DriveX tackles the challenge of out-of-distribution generalization in autonomous driving by learning a self-supervised world model that captures general scene dynamics in a latent BEV space. It introduces Omni Scene Modeling to fuse 3D geometry, 2D semantics, and image texture through multimodal self-supervision, and adopts a decoupled latent learning approach with flow-based future forecasting and dynamic-aware ray sampling to model motion. The Future Spatial Attention mechanism then integrates the predicted future BEV features with downstream tasks, achieving improvements across 3D point-cloud forecasting, occupancy prediction, occupancy flow estimation, and end-to-end driving. Empirical results on nuScenes and NAVSIM demonstrate state-of-the-art or strong performance gains with low overhead, highlighting DriveX as a practical, general-purpose world model for robust autonomous driving.

Abstract

Data-driven learning has advanced autonomous driving, yet task-specific models struggle with out-of-distribution scenarios due to their narrow optimization objectives and reliance on costly annotated data. We present DriveX, a self-supervised world model that learns generalizable scene dynamics and holistic representations (geometric, semantic, and motion) from large-scale driving videos. DriveX introduces Omni Scene Modeling (OSM), a module that unifies multimodal supervision-3D point cloud forecasting, 2D semantic representation, and image generation-to capture comprehensive scene evolution. To simplify learning complex dynamics, we propose a decoupled latent world modeling strategy that separates world representation learning from future state decoding, augmented by dynamic-aware ray sampling to enhance motion modeling. For downstream adaptation, we design Future Spatial Attention (FSA), a unified paradigm that dynamically aggregates spatiotemporal features from DriveX's predictions to enhance task-specific inference. Extensive experiments demonstrate DriveX's effectiveness: it achieves significant improvements in 3D future point cloud prediction over prior work, while attaining state-of-the-art results on diverse tasks including occupancy prediction, flow estimation, and end-to-end driving. These results validate DriveX's capability as a general-purpose world model, paving the way for robust and unified autonomous driving frameworks.

Paper Structure

This paper contains 12 sections, 10 equations, 3 figures, 10 tables.

Figures (3)

  • Figure 1: Comparison of different methods for integrating world models in autonomous driving systems. (a) World modeling serves as a pretraining task or an auxiliary supervision for driving models, without fully capturing general world knowledge. (b) Future prediction is performed in video space to assist downstream tasks, requiring additional 2D-to-3D transformation. (c) Our proposed DriveX framework decodes future states in latent 3D space, learning task-agnostic features that seamlessly benefit driving tasks.
  • Figure 2: Top: An overview of our DriveX framework.
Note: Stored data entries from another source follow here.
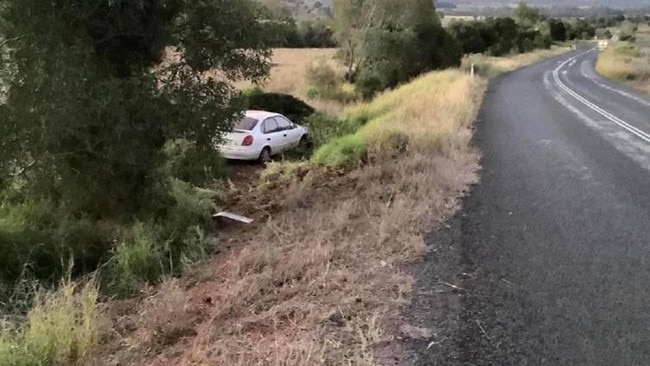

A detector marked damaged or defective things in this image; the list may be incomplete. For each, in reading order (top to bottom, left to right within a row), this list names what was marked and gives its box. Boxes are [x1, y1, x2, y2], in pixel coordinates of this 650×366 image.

crashed white car [218, 110, 308, 162]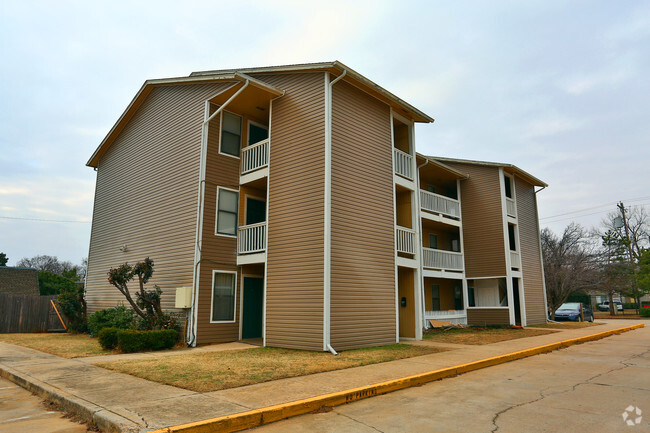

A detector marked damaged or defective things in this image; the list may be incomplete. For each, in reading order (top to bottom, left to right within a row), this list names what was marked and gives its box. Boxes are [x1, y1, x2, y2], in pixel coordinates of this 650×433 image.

cracked pavement [253, 324, 648, 432]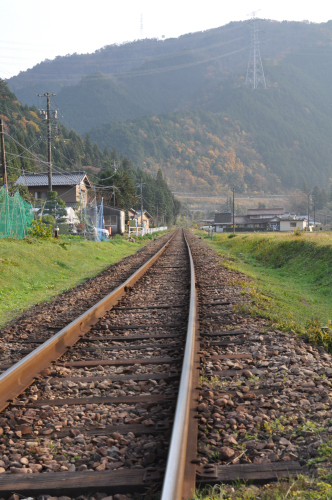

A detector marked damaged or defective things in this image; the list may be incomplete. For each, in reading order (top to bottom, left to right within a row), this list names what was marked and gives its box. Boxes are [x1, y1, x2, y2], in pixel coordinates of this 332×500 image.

rusty rail surface [0, 229, 178, 410]
rusty rail surface [161, 230, 198, 500]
The learning process consists of two stages: world representation learning, where the model learns temporal and geometric semantics through Omni Scene Modeling, and latent future decoding, where the model predicts future states in the learned latent space. Both stages are trained in a self-supervised manner. Bottom: Illustration of the FSA paradigm. Various driving tasks can dynamically aggregate information from predicted latent features through FSA.
  • Figure 3: Illustration of the flow-based future forecasting pipeline. (a) The detailed structures of future decoder, consisting of a future propagation module, a motion head "M", and a refinement 2D convolutional backbone. (b) Grid points with predicted flows are transformed to time $t+k$ coordinates, followed by distance-based interpolation to obtain the future grid features.